### SOURCE MATERIAL:
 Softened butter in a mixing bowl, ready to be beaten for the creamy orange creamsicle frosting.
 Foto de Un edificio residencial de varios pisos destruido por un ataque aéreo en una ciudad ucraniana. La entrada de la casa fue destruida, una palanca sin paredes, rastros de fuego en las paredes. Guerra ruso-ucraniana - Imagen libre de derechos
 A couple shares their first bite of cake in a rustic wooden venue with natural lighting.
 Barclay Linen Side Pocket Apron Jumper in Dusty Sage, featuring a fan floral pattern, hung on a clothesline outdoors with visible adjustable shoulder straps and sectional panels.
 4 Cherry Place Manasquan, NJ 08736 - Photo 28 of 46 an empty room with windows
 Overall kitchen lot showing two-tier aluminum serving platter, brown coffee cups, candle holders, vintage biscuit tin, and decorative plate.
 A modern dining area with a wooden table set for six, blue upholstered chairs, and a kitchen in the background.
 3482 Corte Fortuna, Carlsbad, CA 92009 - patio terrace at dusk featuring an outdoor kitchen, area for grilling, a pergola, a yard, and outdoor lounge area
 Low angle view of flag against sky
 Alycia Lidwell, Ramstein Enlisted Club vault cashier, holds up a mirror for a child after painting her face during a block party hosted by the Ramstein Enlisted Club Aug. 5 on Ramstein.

* * *

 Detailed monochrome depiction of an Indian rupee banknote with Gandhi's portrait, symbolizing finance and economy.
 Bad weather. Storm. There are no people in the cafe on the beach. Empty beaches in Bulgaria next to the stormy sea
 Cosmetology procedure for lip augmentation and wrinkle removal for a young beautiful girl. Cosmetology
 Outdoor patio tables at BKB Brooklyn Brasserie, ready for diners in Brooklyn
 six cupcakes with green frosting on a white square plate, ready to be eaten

==

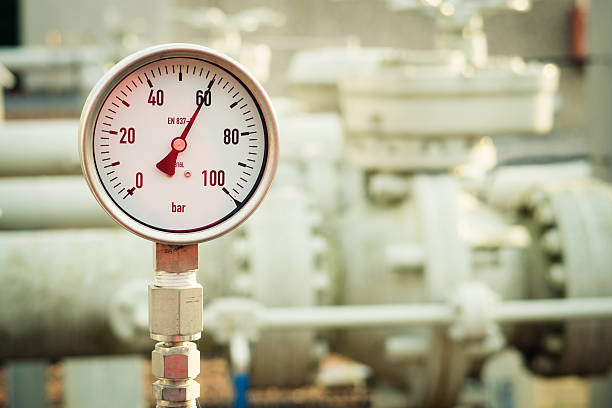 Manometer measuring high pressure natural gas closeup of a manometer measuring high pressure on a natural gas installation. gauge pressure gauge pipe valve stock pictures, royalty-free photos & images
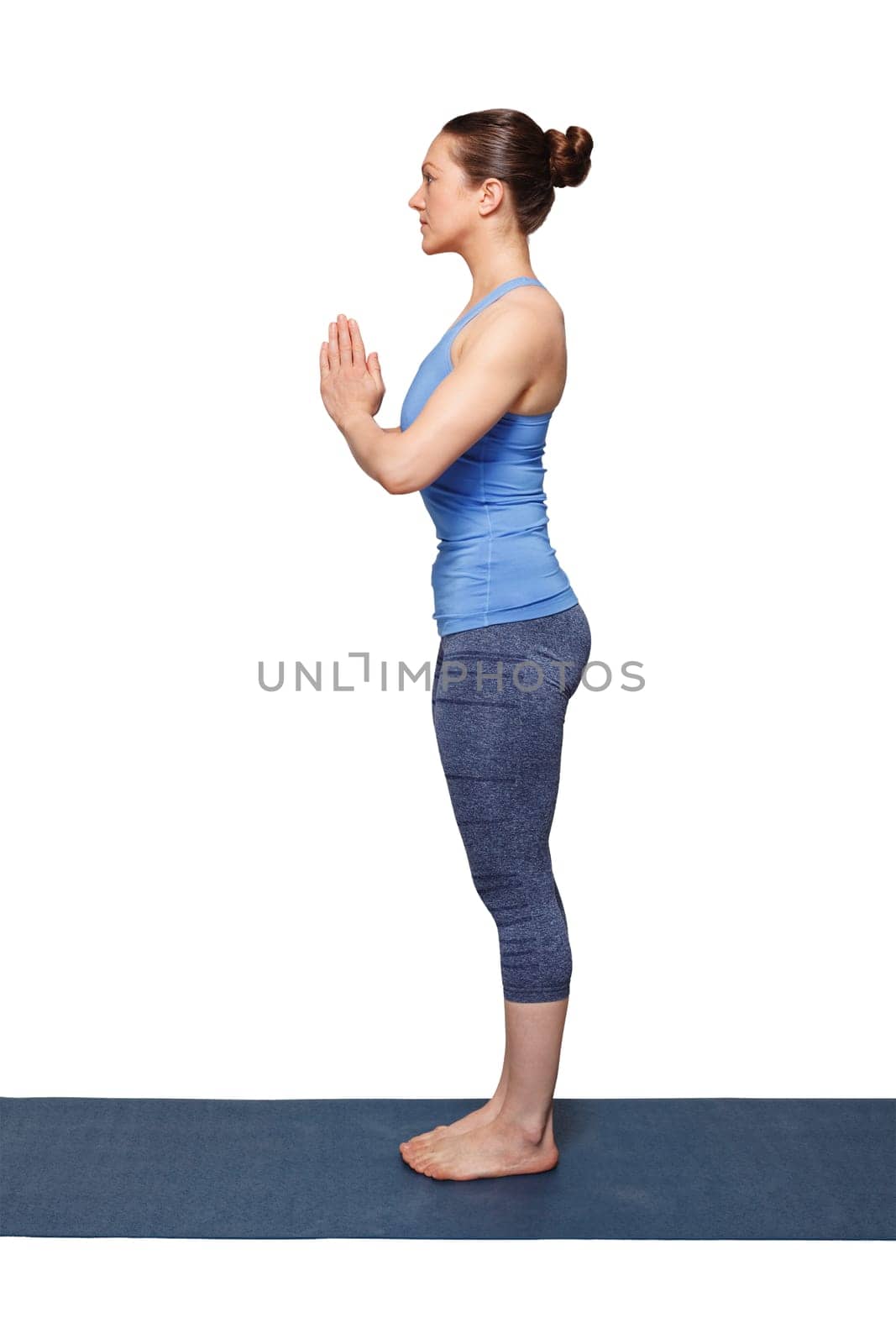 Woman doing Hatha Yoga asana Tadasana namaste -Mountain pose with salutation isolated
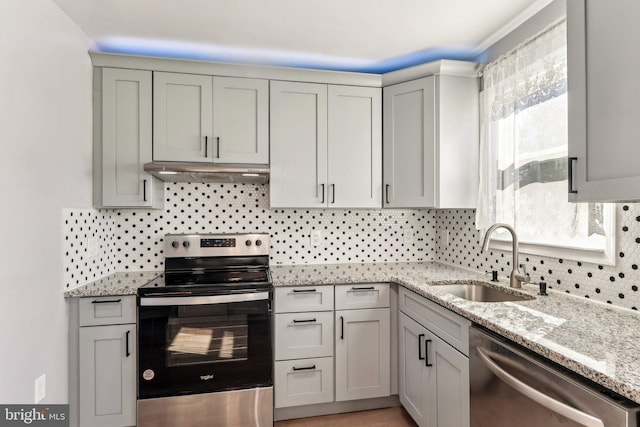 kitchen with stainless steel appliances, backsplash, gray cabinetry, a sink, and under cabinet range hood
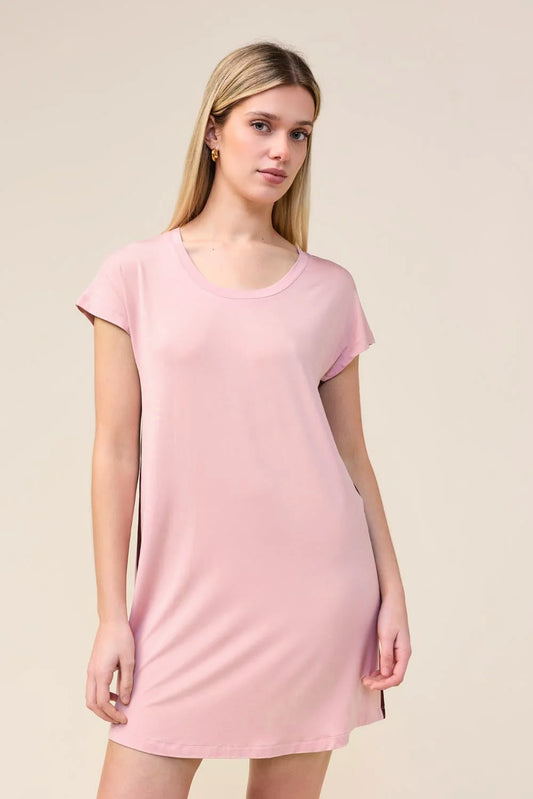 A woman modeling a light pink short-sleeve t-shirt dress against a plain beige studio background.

### WHAT THE EXERCISE ASKS:
Extract exactly and only the lines above from the line containing "Overall kitchen lot" through the line containing "Alycia Lidwell, Ramstein", both end lines included.

### RESULT OF THIS TASK:
 Overall kitchen lot showing two-tier aluminum serving platter, brown coffee cups, candle holders, vintage biscuit tin, and decorative plate.
 A modern dining area with a wooden table set for six, blue upholstered chairs, and a kitchen in the background.
 3482 Corte Fortuna, Carlsbad, CA 92009 - patio terrace at dusk featuring an outdoor kitchen, area for grilling, a pergola, a yard, and outdoor lounge area
 Low angle view of flag against sky
 Alycia Lidwell, Ramstein Enlisted Club vault cashier, holds up a mirror for a child after painting her face during a block party hosted by the Ramstein Enlisted Club Aug. 5 on Ramstein.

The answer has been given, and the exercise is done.